Under certain lighting, the effect can cause the secondary green to glow, which is a rarer color than the dominant yellow, to shine more intensely and actually improve the color of the stone.
Another important point to consider before purchasing a stone is exactly what you plan to do with it. If your plan, for example, is to place more than one diamond on a piece of jewelry, the different fluoresce from each stone might appear as a slight unbalance once put next to one another. However, don't let this stop you from constructing a beautiful piece of jewelry. If it is done right, perhaps with a little professional direction, the outcome can be absolutely magnificent.
Fancy Color diamond Jewelry
How Diamond Fluorescence is Viewed in the Industry
The question of whether this is a positive or negative trait is actually quite a debated subject. There have been many different opinions on the matter which both argue very true statements.
Whether this phenomenon should be considered a positive trait or not, will depend entirely on the color of the diamond and the color of the glow.
Not all diamonds fluoresce, and ones that do can be measured.
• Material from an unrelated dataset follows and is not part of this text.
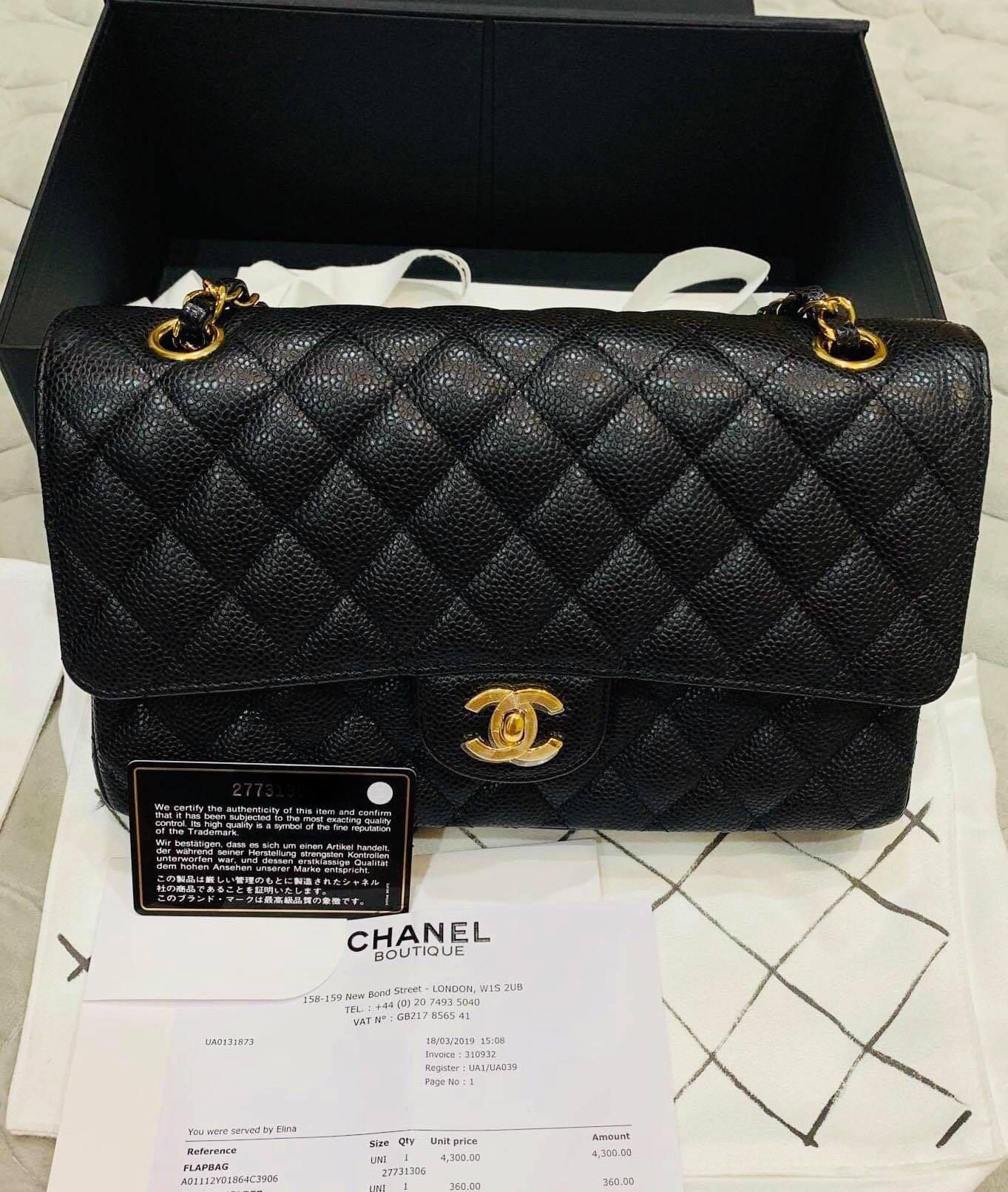 Chanel caviar flap bag.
In general, the price will not be affected if it is a 'Faint' fluorescence and might be affected if it's 'Medium' (depends on the characteristics of the stone itself). However, if there is a 'Strong' or 'Very Strong' presence in the stone, the price will likely be reduced.
The resulting effect depends on the color grade of the stone together with the grade and color of the fluorescence. The most common fluorescence in colorless diamonds is blue. In a lower colorless diamond grade, a blue fluorescence may compliment the color of the stone. However, in a higher grade stone, a yellow fluorescence can negatively affect the clarity by withdrawing from the color or causing a milky or cloudy overcast.
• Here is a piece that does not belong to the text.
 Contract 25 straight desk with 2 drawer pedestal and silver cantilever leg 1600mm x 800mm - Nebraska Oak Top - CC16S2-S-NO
What can be said with some certainty is that, under the right lighting, it can actually add to lower grade diamonds while taking away from higher grade stones.
Fancy Colored Diamonds
In most fancy colored diamonds, the fluorescence might not actually reduce the intensity of the stone. Interestingly enough, the glow together with the combination of the diamond color, can often complement each other. Under the right lighting, this amazing phenomenon can actually help enhance the magic of the color.
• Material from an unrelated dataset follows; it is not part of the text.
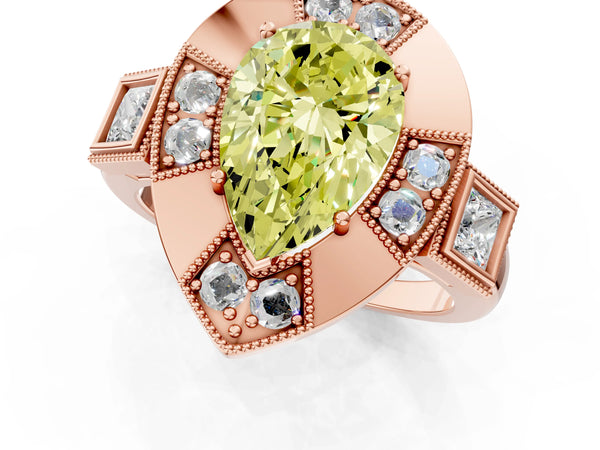 Rose Gold Pear-Shaped Vintage Halo Engagement Ring Setting for Fancy Yellow Center - Design RJ-711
Finding a yellow diamond with fluorescence is actually quite common. However, the illumination level is usually quite faint. When purchasing a yellow diamond, be sure to speak with the vendor and ask what type of effect the fluorescence has on the stone. In certain cases it might not be noticeable. In others, it can give the stone a slight brownish tint or even a milky appearance. The benefit is that if the fluorescence is not visible, for a significantly reduced cost you can acquire a stone that looks no different from one without any fluorescence at all.
Pink colored diamonds, on the other hand, are quite difficult to find without fluorescence. In fact, since the addition is so common, especially in Argyle pink diamonds, even a strong grade will generally not negatively impact the value of the stone.
In general, a pure blue diamond will not have any fluorescence at all. In the event that fluorescence is found, which most likely means that the diamond is slightly combined with a greenish overtone, the fluorescence will usually not even be noticeable.
Like anything else in life, the rarer things are, the more some want to get their hands on it. Certain shades of fluorescence are even considered by some, collector's items. For example, a red fluorescence is so rarely seen, when it is found it is celebrated. Be sure to ask the jeweler for their recommendations on the stones.
Whether positive or negative, to see the affect in reality is breathtaking. Have a look at the image below. Images like this are the reason diamond fluorescence is sometimes referred to as magnificent.
Fancy Color Diamond Fluoresence
The colors of the diamonds shown are:
Most importantly, you should be happy with the diamonds you purchase. Make sure to speak to the retailer you are dealing with and find out all the information upfront. Have a look at the stone under different lighting and always look over the certificate.